== Exercise ==
Copy each entry below unchanged; the images do not go in the copy.

[Stored records]
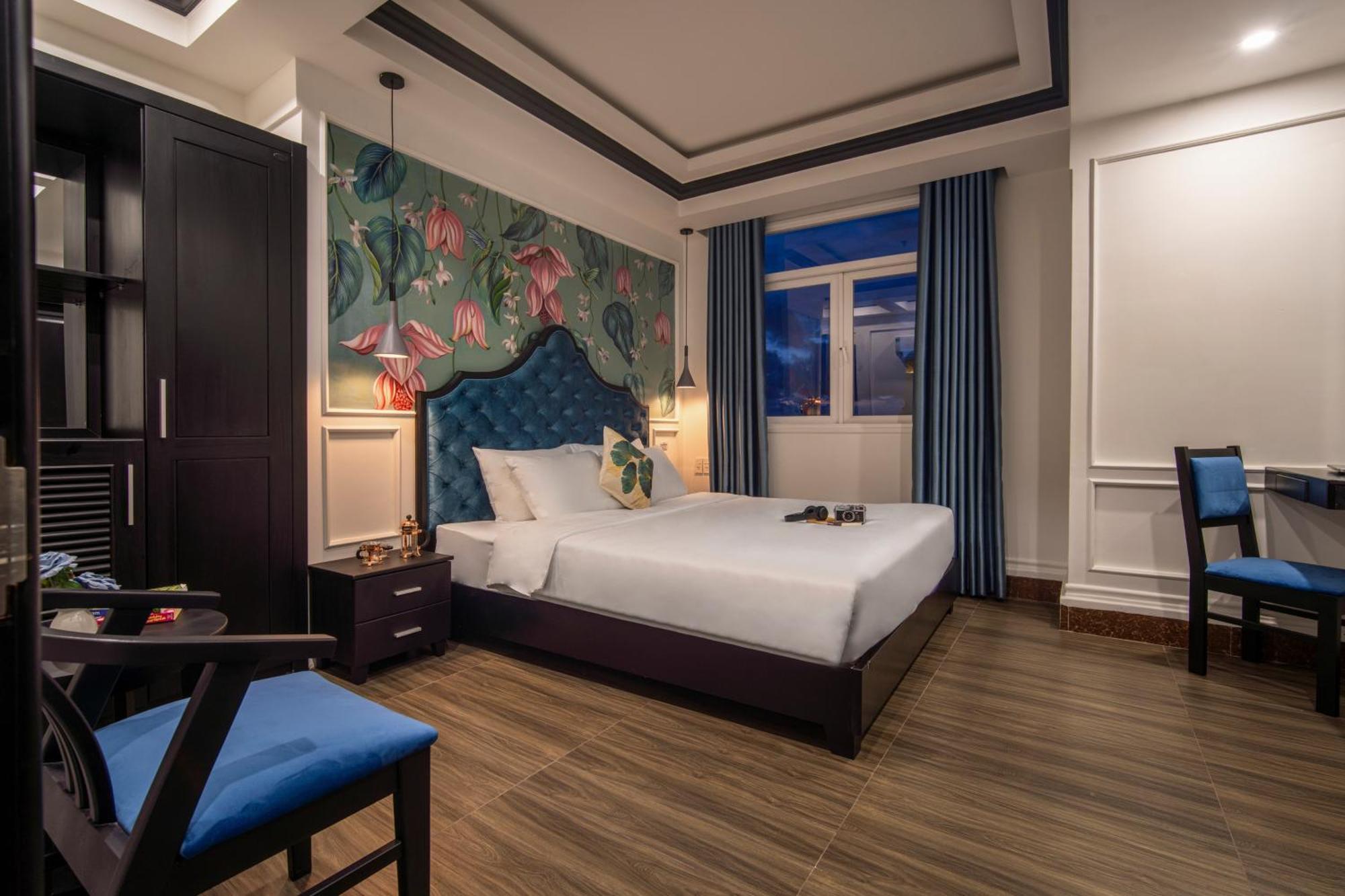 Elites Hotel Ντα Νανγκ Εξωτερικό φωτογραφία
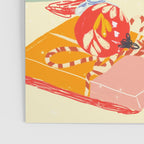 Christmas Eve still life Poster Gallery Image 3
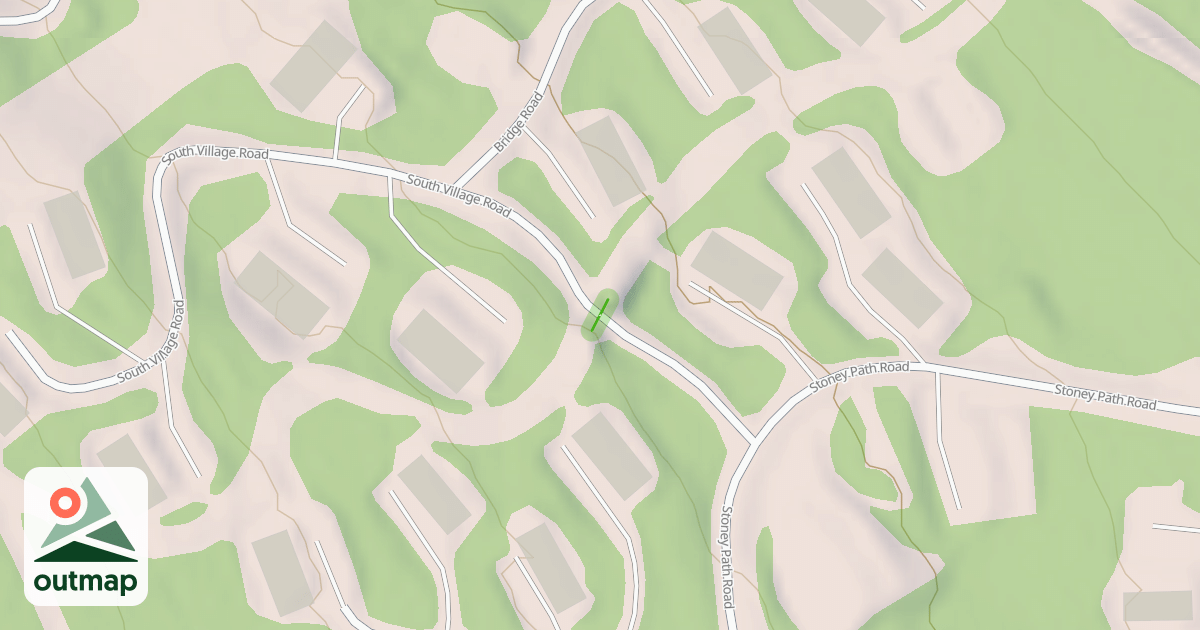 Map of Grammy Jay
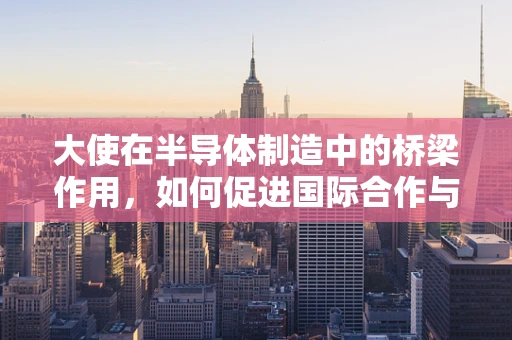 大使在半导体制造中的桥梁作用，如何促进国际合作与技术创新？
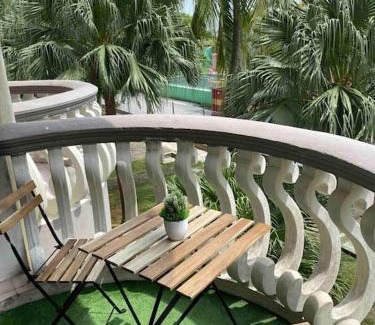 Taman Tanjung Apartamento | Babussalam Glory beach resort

== Completed task ==
 Elites Hotel Ντα Νανγκ Εξωτερικό φωτογραφία
 Christmas Eve still life Poster Gallery Image 3
 Map of Grammy Jay
 大使在半导体制造中的桥梁作用，如何促进国际合作与技术创新？
 Taman Tanjung Apartamento | Babussalam Glory beach resort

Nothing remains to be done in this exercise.